*DATASET EXCERPTS*.

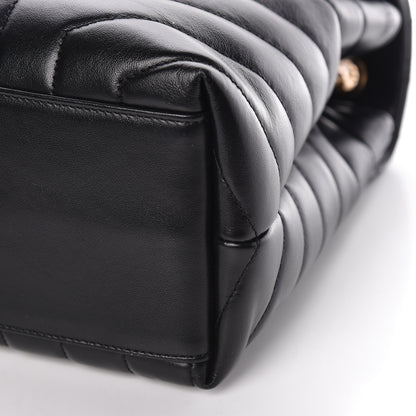 Saint Laurent Calfskin Y Quilted Monogram Medium Loulou Chain Satchel Black 11 of 11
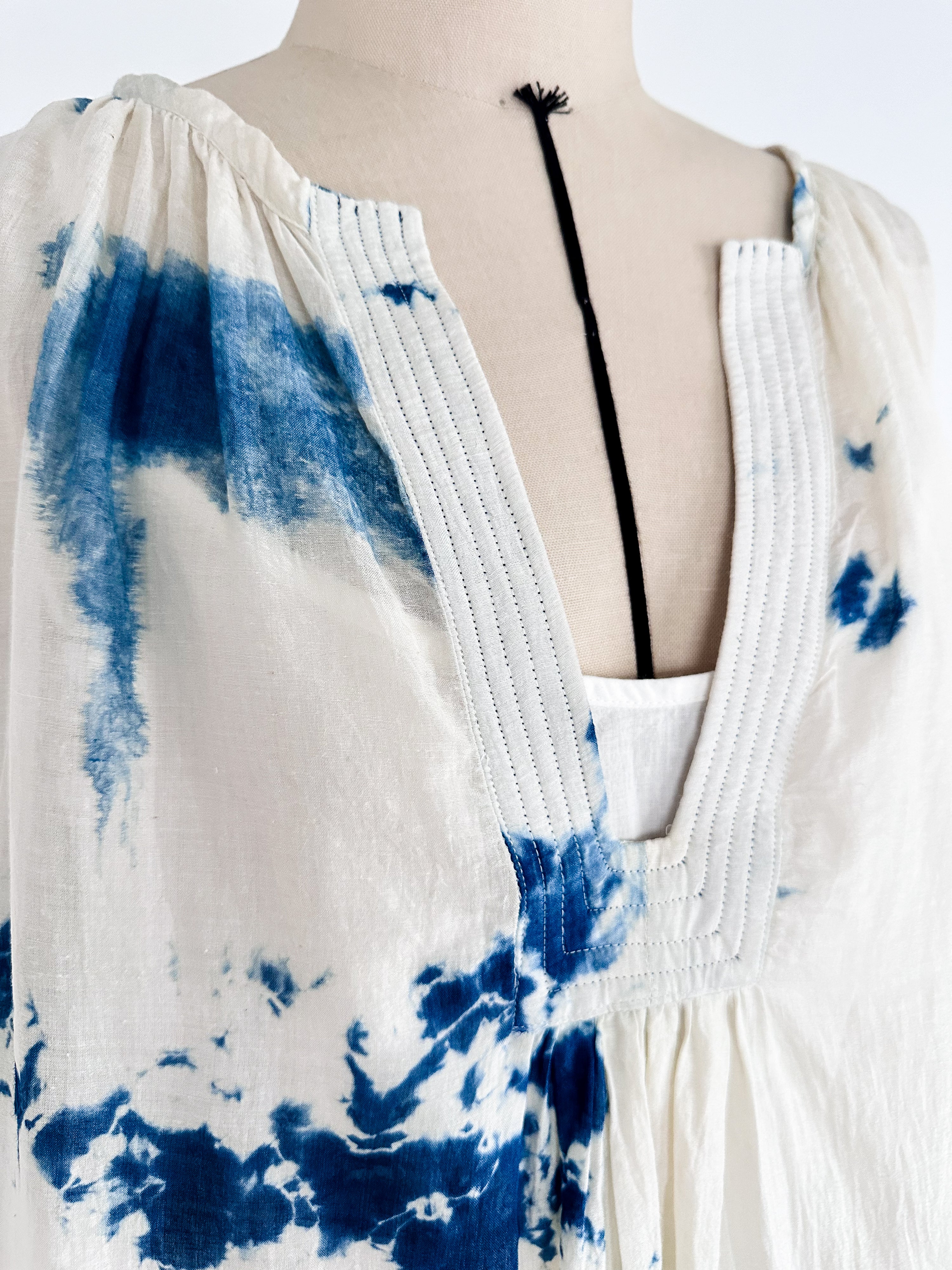 Tusser Silk Khadi Hand Dyed Dress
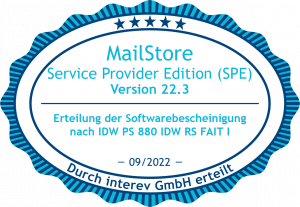 Siegel IDW PS 880 für MailStore SPE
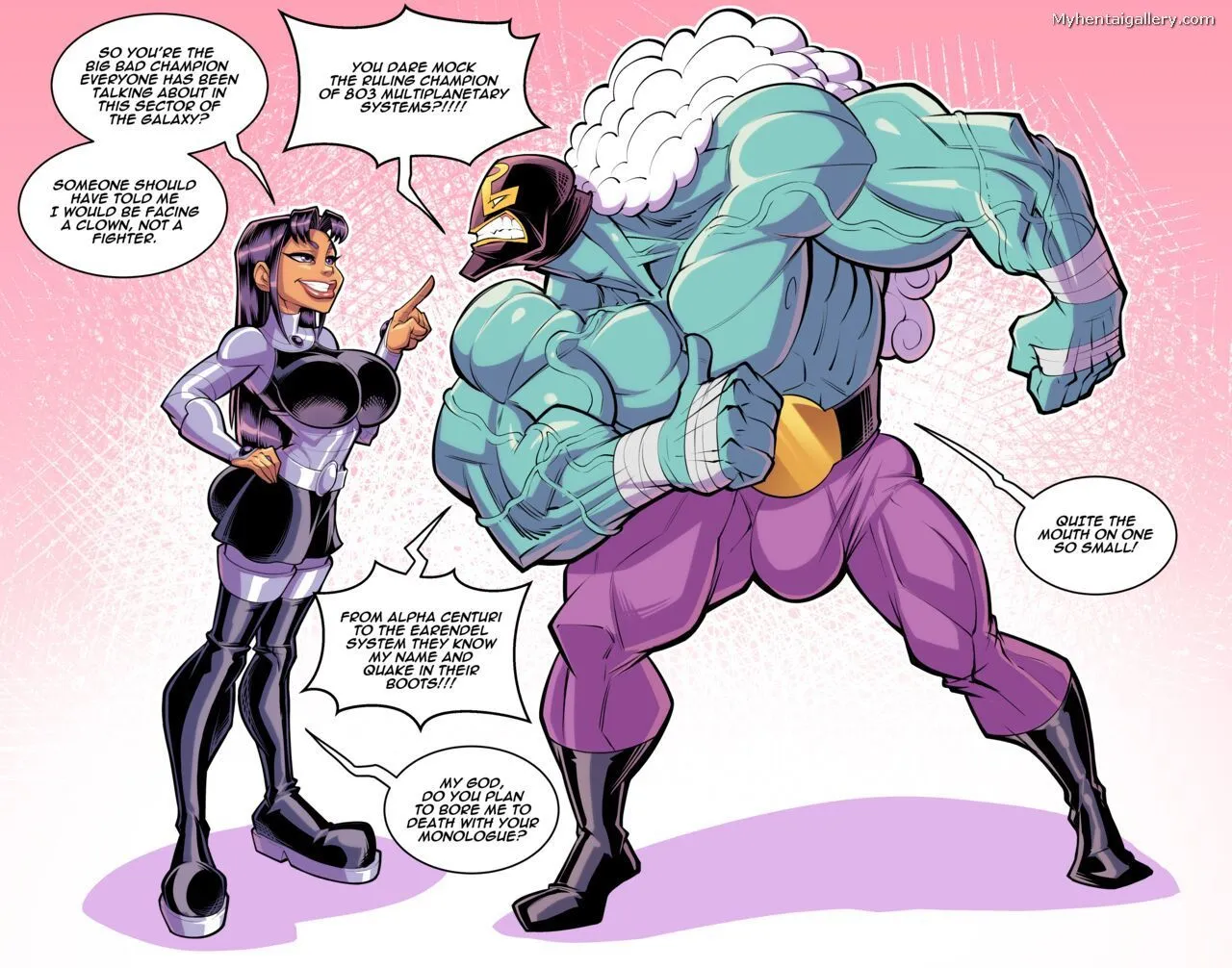 Rasslor Vs Blackfire porno comics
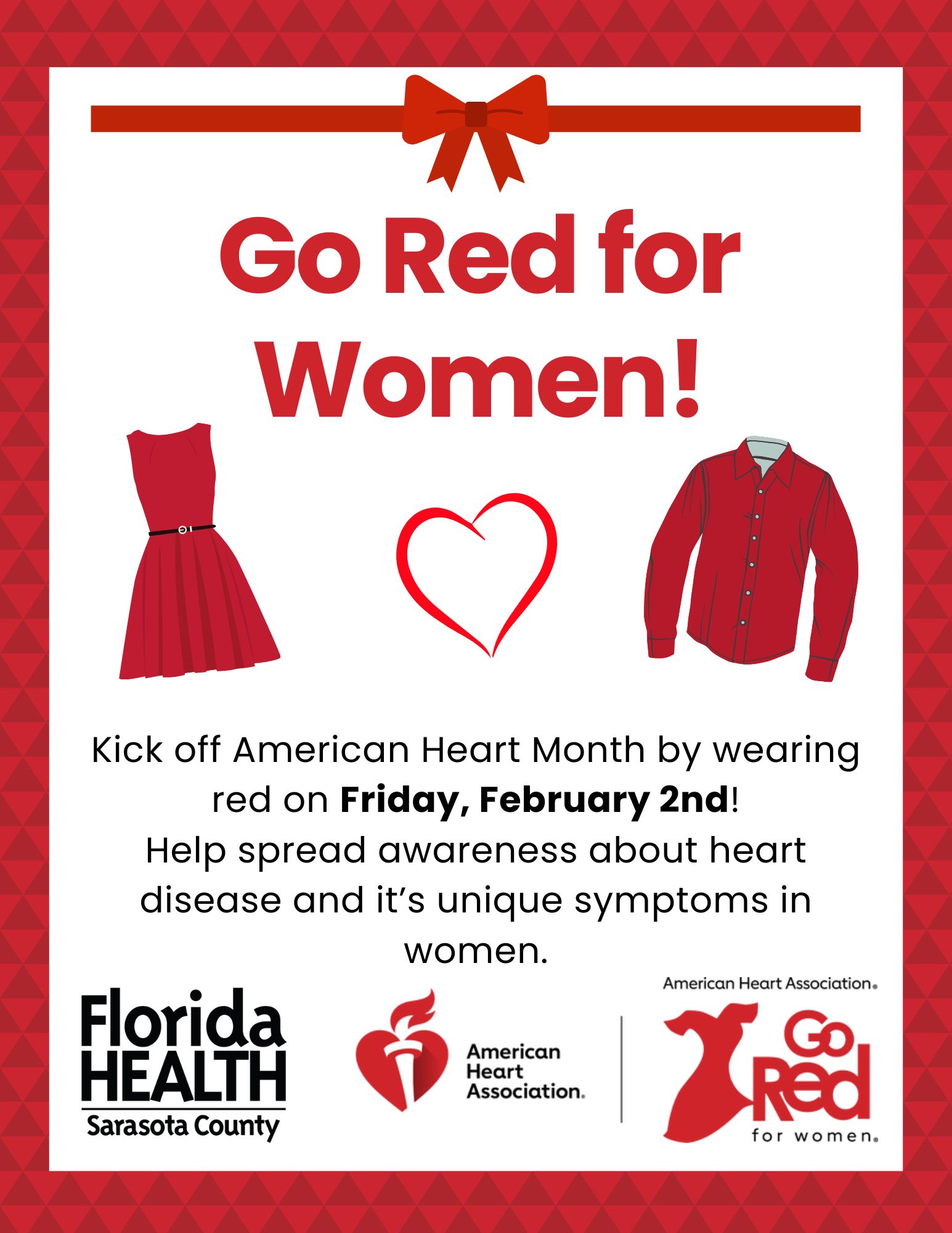 Go Red for Women  Florida Department of Health in Sarasota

*WORK INSTRUCTIONS*.
Only the pictures may be dropped when you copy the data above; everything else stays exact.

*ANSWER TO THIS TASK*.
 Saint Laurent Calfskin Y Quilted Monogram Medium Loulou Chain Satchel Black 11 of 11
 Tusser Silk Khadi Hand Dyed Dress
 Siegel IDW PS 880 für MailStore SPE
 Rasslor Vs Blackfire porno comics
 Go Red for Women  Florida Department of Health in Sarasota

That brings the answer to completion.